I have gotten acceptance from both Army medical college and Shifa Medical College, but I am confused about which one to finalize. I need opinions and suggestions please. Which college is better and why? College environment or fee isn't an issue alhamdulilah, but i want to know which one of these is better from an education point of view. Points to consider: 1. degree value 2. I am from an a levels background and do plan to give USMLE/MRCP in future. 3. National and International recognition of both colleges. Another point to be noted is that AMC is planning to cancel its affilliation with NUST this year and become a university on its own. Will this have any major impact on its recognition and degree value?


----------



## shane warney

AMC has a pretty much better standard and name not less than any medical college of pakistan and its own university would have good ranking as well! you got as a nustian by the way?


----------



## arfasafet

- - - Updated - - -

as student of shifa i can say this college preps u very well for steps
. awesome seniors and physicians always willing to guide n help...seriously ...since i got in here no regrets bz we learn so much more n efficiently but Amc is better 
for now if u r competent enough u can do steps from ny where


----------



## Shehroz

Any one with merit 80 percent above in shifa merit list going shifa?


----------



## Fester

Congratulations to those who for in :tada:


----------



## Fester

*got


----------



## fierce.shaazzi

shane warney said:


> AMC has a pretty much better standard and name not less than any medical college of pakistan and its own university would have good ranking as well! you got as a nustian by the way?
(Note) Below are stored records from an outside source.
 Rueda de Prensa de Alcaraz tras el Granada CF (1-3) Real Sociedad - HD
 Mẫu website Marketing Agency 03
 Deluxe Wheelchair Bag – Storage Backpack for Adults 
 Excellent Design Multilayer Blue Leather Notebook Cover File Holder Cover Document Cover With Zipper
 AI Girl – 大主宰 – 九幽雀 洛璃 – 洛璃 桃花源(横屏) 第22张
Yeah, as nustian, on international seat in AMC and local seat in Shifa Medical College.


----------



## nidarasul

Hope our proffs go well so we can see what we got to do with the new batch


----------



## robab

nidarasul said:


> Hope our proffs go well so we can see what we got to do with the new batch


I hope there won't 've any raging in such a respectable institute..


----------



## Rasim

So, got into Shifa, has any student from shifa ever achieved a position in UHS exams? I cant seem to find a lot of previous record but in 2013 all students were from government colleges. How come that happens when Shifa has a better faculty and studying conditions?


----------



## nidarasul

Rasim said:


> So, got into Shifa, has any student from shifa ever achieved a position in UHS exams? I cant seem to find a lot of previous record but in 2013 all students were from government colleges. How come that happens when Shifa has a better faculty and studying conditions?
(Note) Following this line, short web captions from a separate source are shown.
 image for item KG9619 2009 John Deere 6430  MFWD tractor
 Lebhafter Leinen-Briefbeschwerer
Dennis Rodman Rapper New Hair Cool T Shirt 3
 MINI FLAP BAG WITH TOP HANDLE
LOL they are all gov colleges because only gov colleges are affiliated with UHS. UHS is a university. Why would Shifa be giving a UHS exam? It's like gov colleges go ahead and appear in a Bahria university exam or something lol


----------



## azharhshah

Yes you have very valid point:cool!:


----------



## nidarasul

Nothing disrespectful, we just do small stuff like sing a song or something. No one who doesn't want to do it has to. And by the way, the O week is where people will judge you and you'll make friends so try to enjoy it! 


robab said:


> I hope there won't 've any raging in such a respectable institute..


----------



## Ahsun23

nidarasul said:


> LOL they are all gov colleges because only gov colleges are affiliated with UHS. UHS is a university. Why would Shifa be giving a UHS exam? It's like gov colleges go ahead and appear in a Bahria university exam or something lol


Not only government but some private are also UHS Affiliated. Like Shalamar, Wah and FMH. And they take more positions than the government colleges in overall UHS proffs. Why ? That's still a mystery.


----------



## nidarasul

Ahsun23 said:


> Not only government but some private are also UHS Affiliated. Like Shalamar, Wah and FMH. And they take more positions than the government colleges in overall UHS proffs. Why ? That's still a mystery.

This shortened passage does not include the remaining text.